Anyone who was lucky enough to see David Sefton’s final program as artistic director of the Adelaide Festival last year, featuring Tanz Wuppertal Pina Bausch, the National Theatre of Scotland’s acclaimed James Plays, and a jaw-dropping arena spectacular by France’s Groupe F, will know that it was always going to be a tough act to follow. Sefton’s successors, Neil Armfield and Rachel Healy, have clearly risen to the challenge, coming out swinging with an early announcement that their inaugural Festival is to be headlined by visionary Australian director Barrie Kosky’s opera smash-hit, Saul.
Premiered in 2015 by the UK’s Glyndebourne Opera, critical praise for Kosky’s setting of George Frederick Handel’s dramatic oratorio was unanimously incandescent. The production earned five-star raves from even the most finickity of British critics, including the notoriously acid-tongued Rupert Christiansen of The Daily Telegraph. He described the work as “utterly enthralling”, while The Guardian’s Andrew Clemens declared Kosky’s Saul “one of Glyndebourne’s finest shows,” with Michael Church of The Independent describing it as “a landmark production.”

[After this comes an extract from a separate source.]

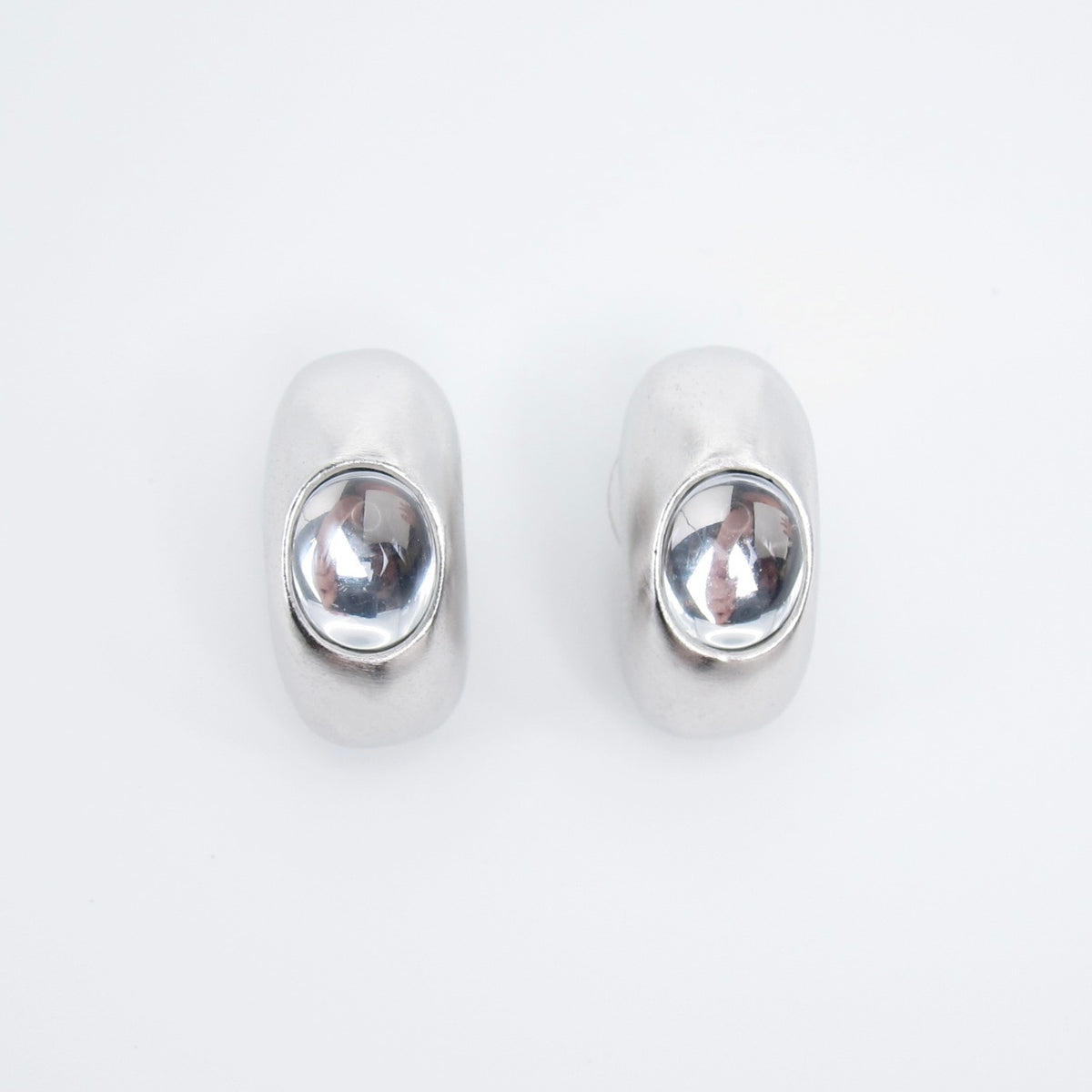 Givenchy Silver-Tone Sculptural Oval Earrings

The reaction of the Glyndebourne audience was equally unequivocal in its approval, as Neil Armfield described. “There was a sense of pleasure in the air of the theatre. It was a completely euphoric, rapturous atmosphere,” Armfield told Daily Review. “The audience were stamping their feet during the curtain call; we were all turned into a bunch of kids in the best possible way. This show freed us all, somehow.”
Written in 1738, this late Baroque masterpiece tells the Biblical story recounting the turbulent relationship between Saul, the first King of Israel, and his eventual successor, David, a charismatic and noble warrior most famously remembered for slaying the Philistine giant Goliath. Originally conceived as an ecclesiastical concert piece, for performance in the church, it is only relatively recently that the piece has been adapted for the stage. Kosky’s interpretation reimagines Saul as a an “18th-century fantasy” featuring sumptuous costumes and opulent scenery, placed on a desolate, inky-black stage.
“Both Neil Armfield and I felt strongly that there are singular Australian artists, who are lauded internationally but who don’t get seen as frequently in Australia as they should” – Rachel Healy
For those who believe in fate, Armfield came perilously close to not seeing the production, after a dearth of taxi’s in the sleepy British village of Lewes – the nearest place to the remote, rurally situated Glyndebourne Opera House – forced him to hitch-hike. Fortunately, thanks to the generosity of some fellow opera lovers, Armfield arrived in time for curtain up, and by the interval was already convinced that Kosky’s extraordinary accomplishment was the ideal centrepiece of the 2017 Adelaide Festival.
Securing the production has been no easy task, however, as Kosky related by phone from his home in Berlin. “When Neil bounded up to me in the interval, and he said he had to get this show, immediately I was worried there might not be enough time to make it happen. I wasn’t skeptical, but it’s quite a tricky production to organise, there’s a tremendous amount to consider. But Neil and Rachel have really hit the ground running and have done a fantastic job of getting it organised so quickly.”
The production will receive just four performances at the beginning of next year’s Festival in March, and Armfield and Healy expect demand for tickets to be high, with good reason. Not only is this a critically acclaimed production, but it is also provides a rare opportunity for Australian audiences to see a Kosky work on home turf.
Despite his superb global reputation, Kosky productions are now seldom seen in Australia, but the venerated director said he was extremely excited to be bringing such a high-calibre work back home, adding, “It just feels right.” While Kosky was artistic director of the Adelaide Festival in 1996, a production directed by him has never been presented there. “It’s a very wonderful but strange thing to think that after 20 long years I’m actually going back to Adelaide, for the first time, with my work. It’s a great thrill,” he said.
Rachel Healy also shared her pride at mounting this exciting homecoming for Kosky. “Both Neil and I felt strongly that there are some really singular Australian artists, who are lauded internationally but who really don’t get seen as frequently in Australia as they should,” Healy said. “Part of the role of an international Festival is to keep abreast of those really remarkable artists who are making interesting work and work that has global significance. To have a work like this, which would earn its place in any Festival, is a wonderful thing, but that it’s been created by a remarkable Australian, I think is what a Festival like Adelaide’s is set up to do.”
The production will feature a cast of international opera stars and homegrown talent including soprano Taryn Fiebig and tenor Kanen Breen. Armfield and Healy have announced the production two months ahead of the rest of their debut program to ensure inter-state and international patrons can organise their travel to Adelaide.